→ SUPPLIED MATERIAL:

####

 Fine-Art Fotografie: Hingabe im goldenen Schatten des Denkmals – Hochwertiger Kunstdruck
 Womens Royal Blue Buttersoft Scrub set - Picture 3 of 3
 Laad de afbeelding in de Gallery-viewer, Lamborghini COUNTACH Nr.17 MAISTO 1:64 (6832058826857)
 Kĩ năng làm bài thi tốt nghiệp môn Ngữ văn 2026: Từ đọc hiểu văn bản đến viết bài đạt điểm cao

####

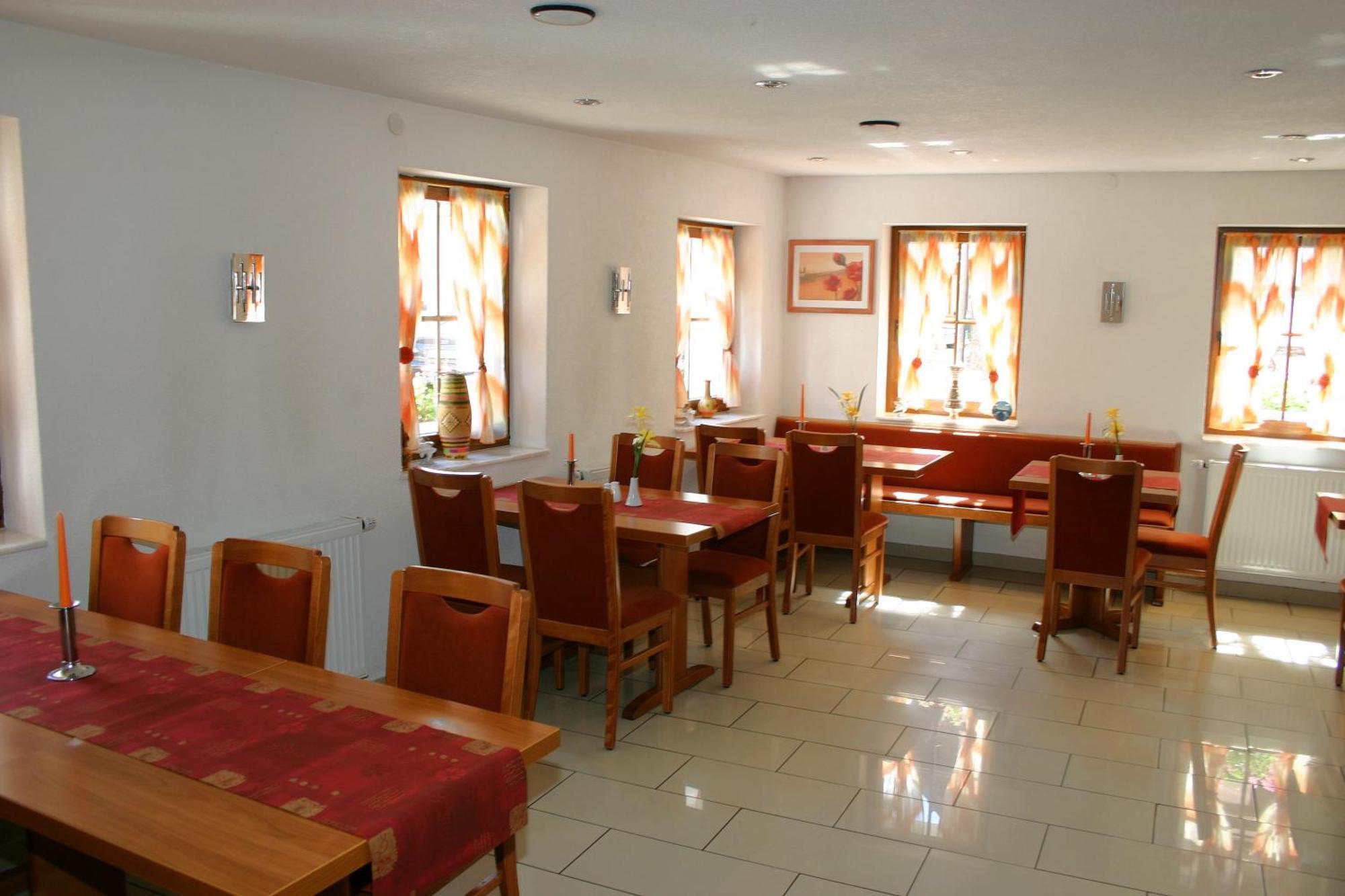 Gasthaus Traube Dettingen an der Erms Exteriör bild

####

→ DESCRIPTION OF THE TASK: Above are the entries. Quote exactly the lines from the one bearing "Fine-Art Fotografie: Hingabe" through the one bearing "Kĩ năng làm".

→ ANSWER BOX:
 Fine-Art Fotografie: Hingabe im goldenen Schatten des Denkmals – Hochwertiger Kunstdruck
 Womens Royal Blue Buttersoft Scrub set - Picture 3 of 3
 Laad de afbeelding in de Gallery-viewer, Lamborghini COUNTACH Nr.17 MAISTO 1:64 (6832058826857)
 Kĩ năng làm bài thi tốt nghiệp môn Ngữ văn 2026: Từ đọc hiểu văn bản đến viết bài đạt điểm cao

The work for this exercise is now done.